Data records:
--

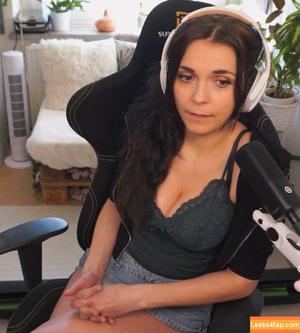 Tania Derveaux photo #0038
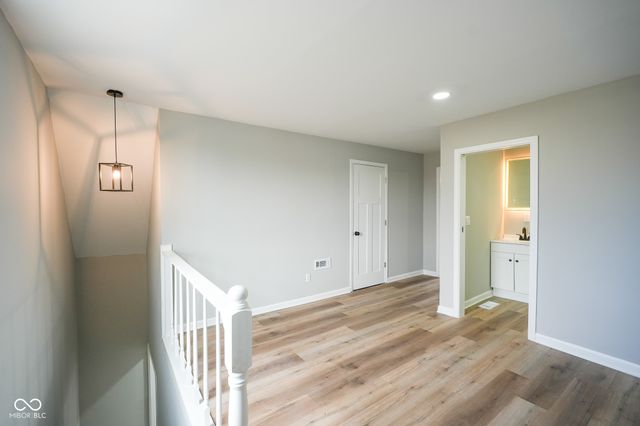 22 S Warman Avenue, Indianapolis, IN 46222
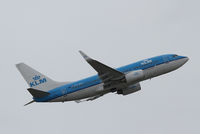 PH-BGH @ LOWW - KLM Boeing 737 - by Thomas Ranner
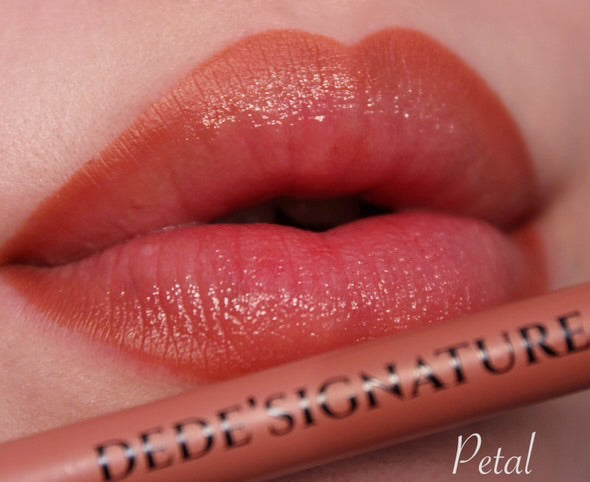 Petal Coral Lip Liner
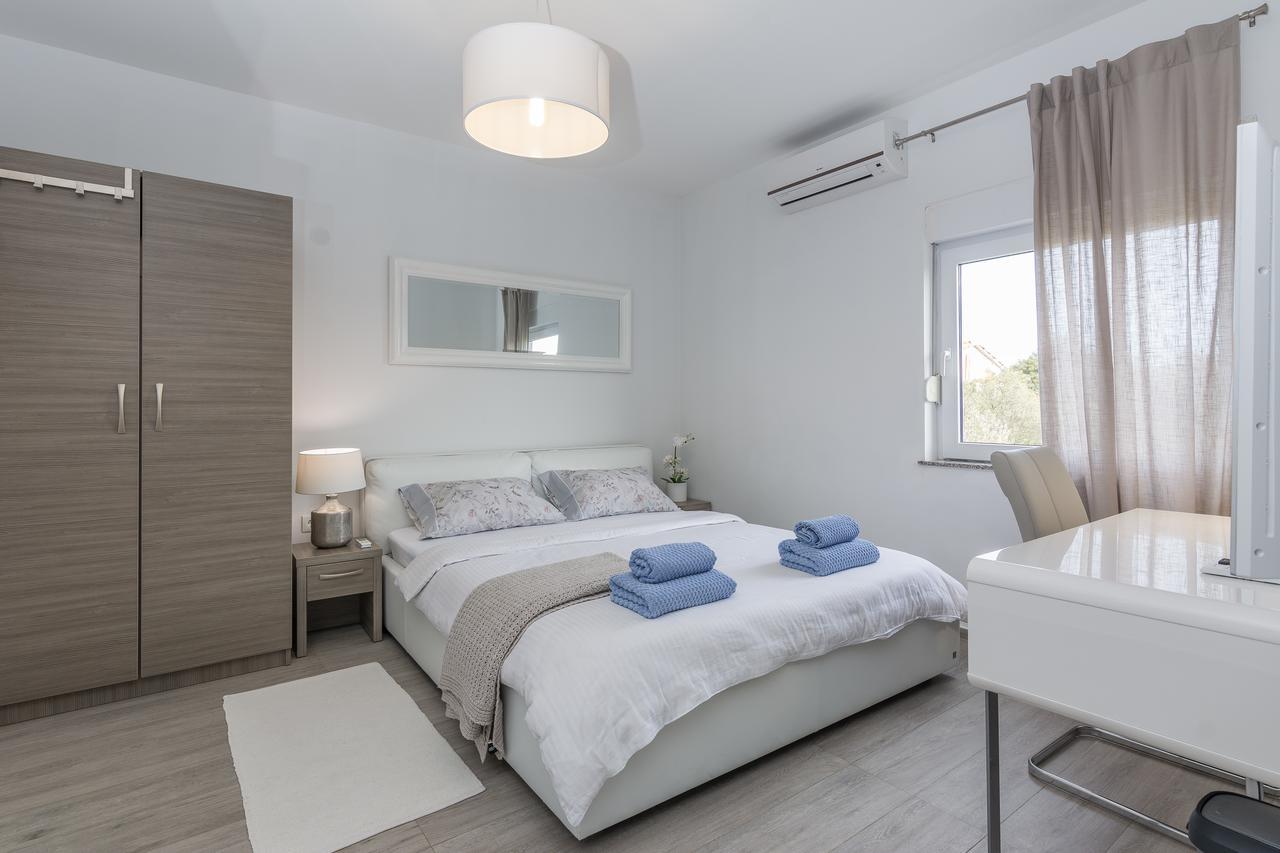 Lalic Gallery Villa Бибине Екстериор снимка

--

What is needed is an exact transcription of the lines from the one holding "PH-BGH @ LOWW" to the end of the data, with every picture left out.

 PH-BGH @ LOWW - KLM Boeing 737 - by Thomas Ranner
 Petal Coral Lip Liner
 Lalic Gallery Villa Бибине Екстериор снимка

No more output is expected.